WORK INSTRUCTIONS:
Drop every image, then reproduce the data exactly as given.

DATASET SECTION:
________________

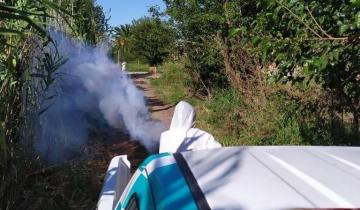 Imagen de Dengue: ya son trece los casos confirmados en La Plata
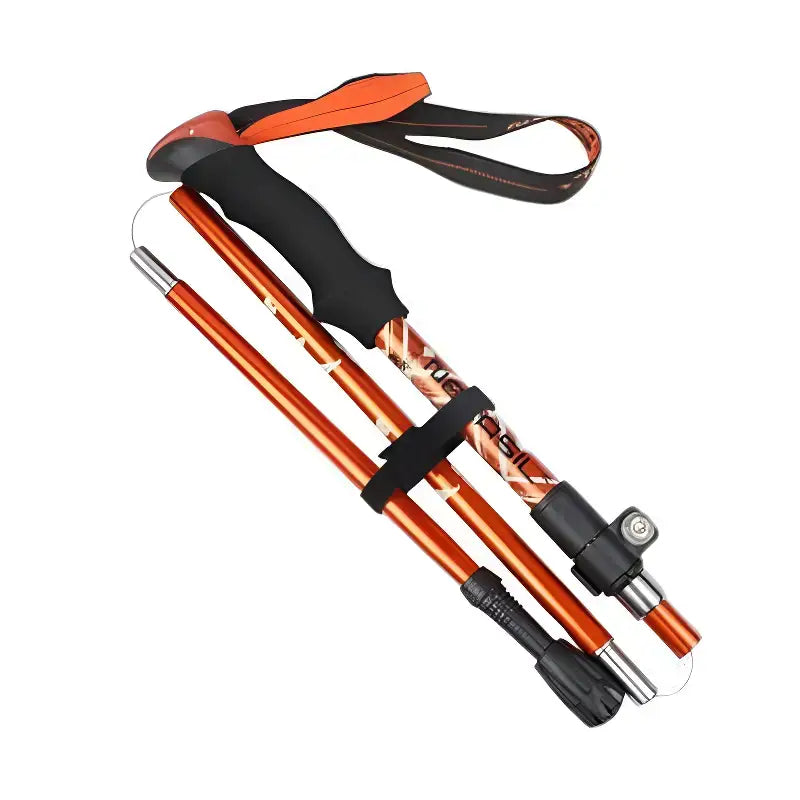 Bâtons de trail bivouac aventure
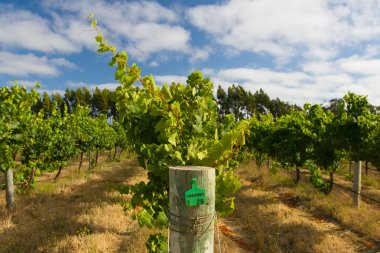 Margaret Nehri Chardonnay Sarmaşıkları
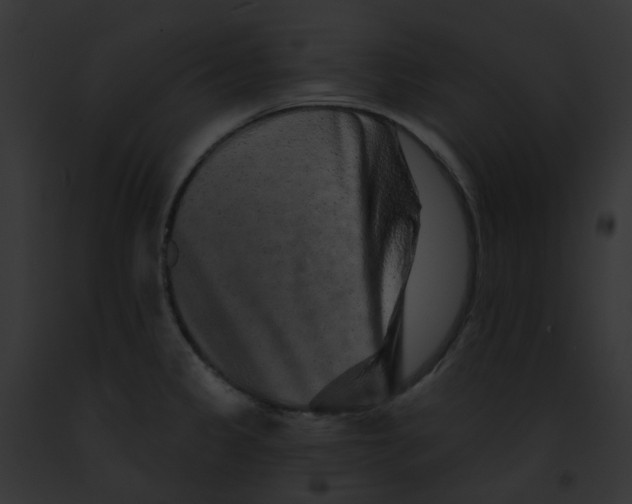 X0000091891333200710031133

________________

EXERCISE SOLUTION:
 Imagen de Dengue: ya son trece los casos confirmados en La Plata
 Bâtons de trail bivouac aventure
 Margaret Nehri Chardonnay Sarmaşıkları
 X0000091891333200710031133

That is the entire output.